Right now the US has the capacity to deport about 400,000 immigrants a year — the question is which ones. And that’s not something Congress can control. How ICE uses its resources to catch and deport immigrants is a matter of executive branch policy.
If immigrants are caught and deported at random, the chance that any given unauthorized immigrant will be caught and deported at any given time isn’t sky-high, but it isn’t zero, either. Living under the threat of deportation is a trauma that unauthorized immigrants have been struggling with for years.
President Obama’s policies, especially during his second term, tried to reduce that threat by reassuring certain groups of immigrants that they wouldn’t be at risk of deportation.
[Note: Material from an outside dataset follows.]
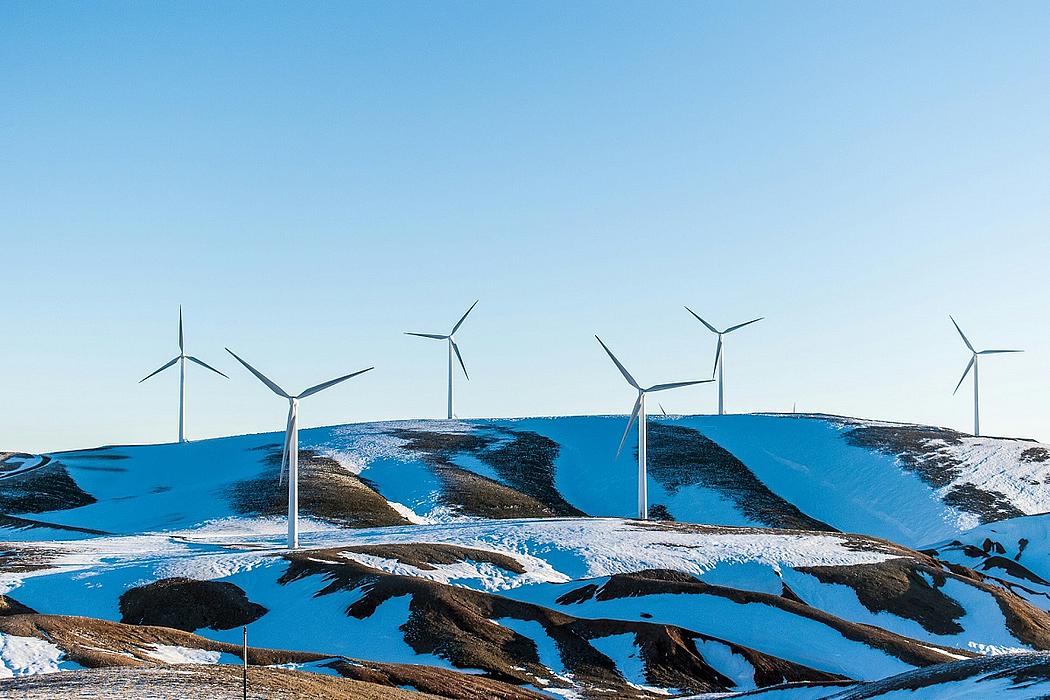 Windenergieanlagen auf einem Berg mit Schneefeldern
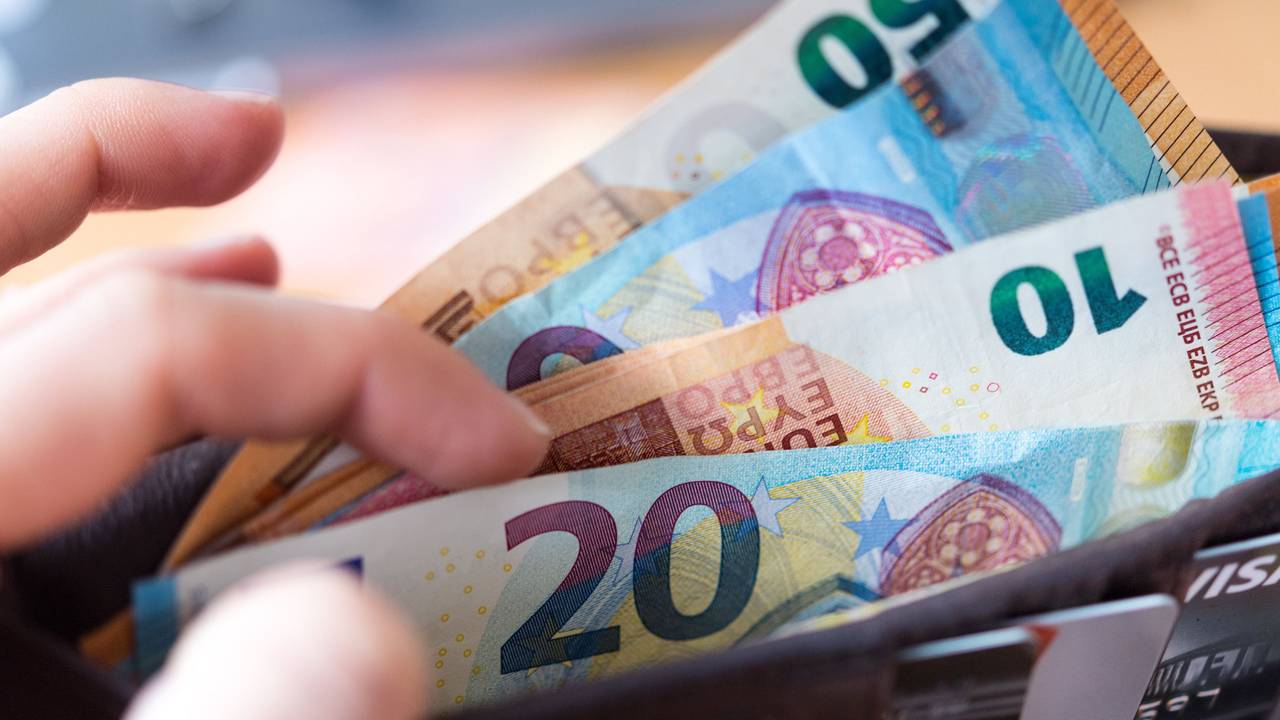 Eine Frau hält eine Geldbörse mit Banknoten in der Hand.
But Trump made it clear during the campaign that to him, that approach defeats the purpose of having immigration laws to begin with — and the ICE agents in the field who’d be carrying out his policy, and who endorsed his run for the presidency, would seemingly agree.
The day Trump arrives in office, without asking Paul Ryan’s Congress to spend a dime, he’ll have the capacity to restart many of the aggressive immigration enforcement tactics of the Bush administration, with the 400,000-deportation-a-year efficiency of the Obama administration. In particular, President-elect Trump could make it much easier for local law enforcement to scoop up unauthorized immigrants for minor offenses or immigration violations — which could turn any unauthorized immigrant in the US, including the woman who confronted Ryan, into one of the “illegal immigrant criminals” Trump says he wants to deport first.
If Trump gets rid of the DACA protections (something he will have the power to do as soon as he arrives in office, but which he’s been oddly silent about since the election), the woman who confronted Ryan will be under threat of deportation. She may not have an ICE agent knocking on her door on January 21 or 22. But any time she, say, drives a car, she’ll be at risk of getting pulled over and subsequently deported.
The only thing Congress could do to prevent that would be to pass a bill granting legal presence to unauthorized immigrants. Some members of Congress (including the few remaining Republicans, like Sen. Lindsey Graham, who continue to support comprehensive immigration reform) are pushing for a bill called the BRIDGE Act, which would basically extend DACA for a few years if Trump tries to kill the program.
If Ryan’s reassurance during the CNN town hall was a promise to support the BRIDGE Act, that would be newsworthy — but he didn’t mention it and hasn’t endorsed it. Short of doing that, though, he can’t offer his protection to immigrants looking anxiously toward the Trump administration and its deportation machine. Ryan’s performance of concern for DACA recipients is just a distraction from what the executive branch can do without him.